AWS Graviton based EC2 Instance Upgrade in EMR causing task failures

Question

I have a spark Scala job running in EMR that I am trying to improve. As of right now it runs on m5.8xlarge with no issues. I recently tried upgrading to the Graviton based EC2 instances m6g.8xlarge and while the job does succeed, I am seeing some weird issues. Some of the issues I see is tasks failing due to a timeout, stages running in a strange order, and it looks like the memory is strained. The stage that runs out of order is the one with failed tasks, stage 6 runs then fails, then stages 4 & 5 complete, and then stage 6 retry succeeds.
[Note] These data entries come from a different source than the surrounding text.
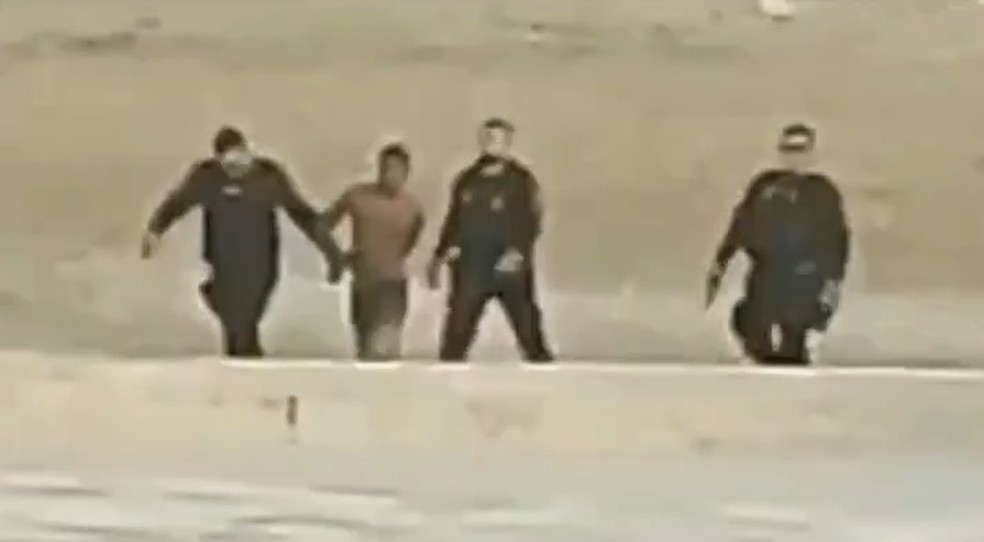 Criminosos são presos após tentarem fugir pelo mar em Fortaleza — Foto: Reprodução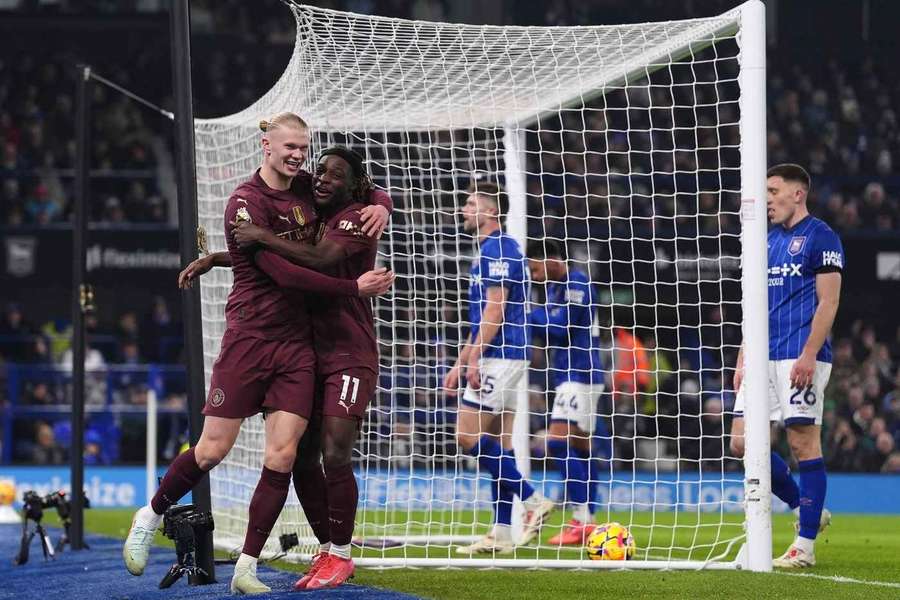 Erling Haaland, del Manchester City, celebrando el quinto gol de su equipo con su compañero Jeremy Doku.
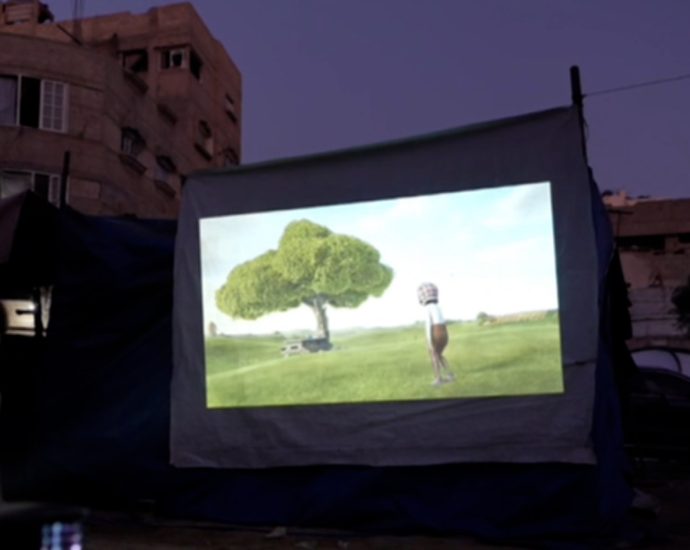 makeshift-cinema-camp-gives-children-temporary-escape-from-war-in-gaza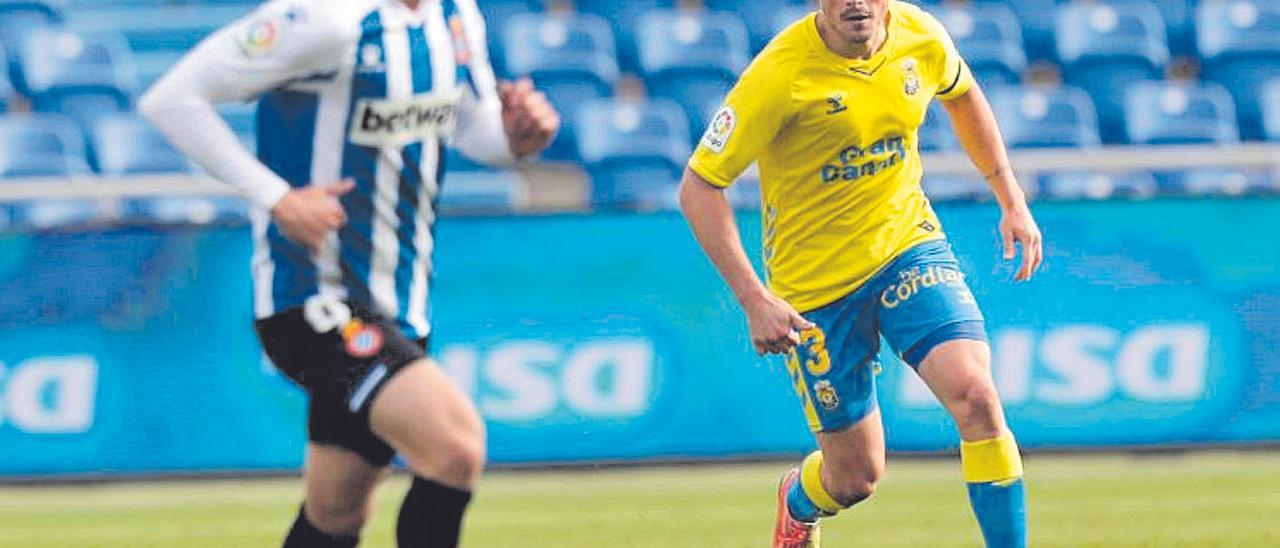 Sergio Ruiz, centrocampista de la UD conduce el balón durante el choque contra el Espanyol el domingo pasado.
In the m5.8xlarge run that currently is working, stages 4 & 5 get skipped. I'm not sure why this is happening since the only change I made was going from an m5 instance type to an m6g, so I wanted to see if anyone experienced something similar or has solutions. I will also post some of the errors from the failed tasks, but I think they are related to the oom.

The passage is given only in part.